IA - Gentlemen, who would you rather eat a falafel with, Gary Busey or Keanu Reeves?

DL - Gary Busey, because he has the potential to chew my face off and argue with me at the same time. While Keanu Reeves would just talk to me about a book and surfing or say "dude" a lot.

AS - See, here's the thing, Keanu Reeves seems to get all the credit in Point Break, because he’s able to mingle with the surfers and get into their culture. However, it was Gary Busey, forgive me Detective Pappas, who was the real master.
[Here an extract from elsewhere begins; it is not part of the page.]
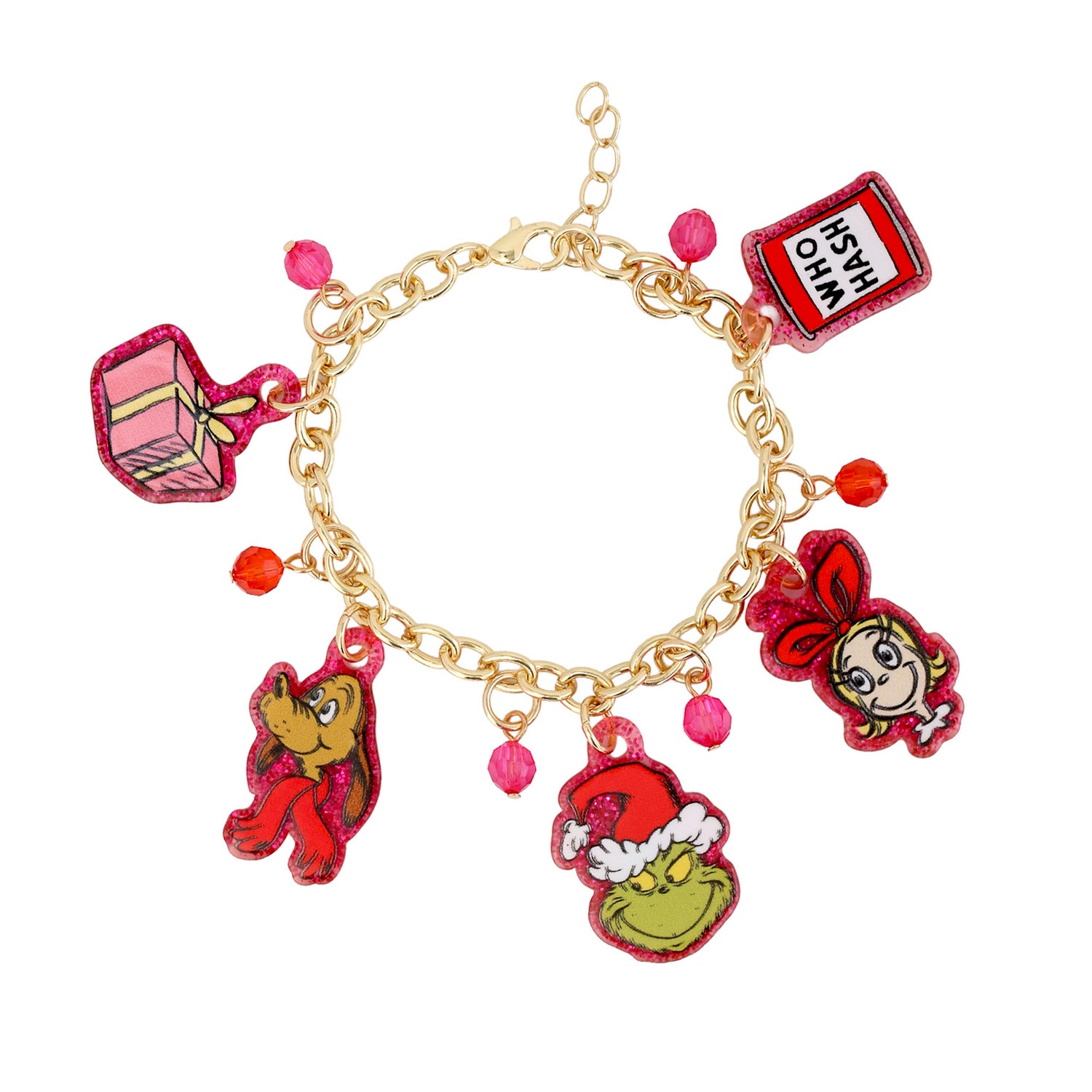 The Grinch Charm Bracelet for Women Official License, 6.5"+1"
He knew that the ex-presidents were surfers. He had this theory and he was ridiculed by the rest of the FBI, but he was right. So Gary Busey all the way. Of course, Gary Busey is a poor man's Nick Nolte.
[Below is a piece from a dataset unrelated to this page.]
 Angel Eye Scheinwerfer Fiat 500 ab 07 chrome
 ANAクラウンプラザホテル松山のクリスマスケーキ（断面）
DL - I agree. Every time I look at Gary Busey, I see him as the poor man's Nick Nolte. He was in the Buddy Holly Story, so I'll give him that much.
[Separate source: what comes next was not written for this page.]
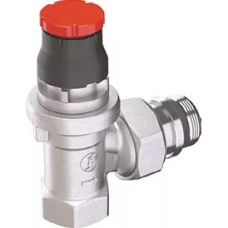 Кутовий термостатичний клапан з автоматичним динамічним регулюванням витрати, 1/2" (R401DBX033)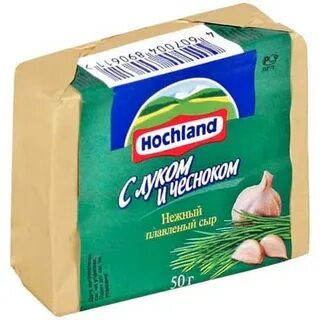 Зеленый лук плавленный сыр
AS - I would also like to add that Anthony Kiedis was in Point Break and he offered a stellar performance.

TD – I’d eat a Falafel with Nick Nolte.

AS - But if you had a Falafel with Nick Nolte, he would get the falafel and he'd just say "Gawd Dammit!"

DL - He would go “Bleahagggah” and shove the falafel in his face. And he'd do it in 25 milliseconds and you wouldn't even be able to talk with him, because he would be like a Tasmanian devil. He’d shove it in his face and then spin around the room and then exit the bar.

AS - Well Gary Busey doesn't even eat falafels, he eats meatball sandwiches. [shouting] "Utah, gimme two!"

TD - Now that I think of it, I would rather eat a hamburger with David Hasselhoff. I saw a video of him eating a hamburger under a table. I would love to eat under the table with David Hasselhoff.

IA: Excellent Point. Which Celebrity Drunk do you miss more, Lindsey Lohan or David Hasselhoff?

DL - David Hasselhoff, not even a thought. It's pure intuition.

TD - David Hasselhoff.

AS - Here's a little known fact about Via Audio, I used to have a thing with Lindsey Lohan, and we used to drink a lot together and she is not a fun drunk. She would always start talking politics and she was very conservative and I just got tired of hearing about it.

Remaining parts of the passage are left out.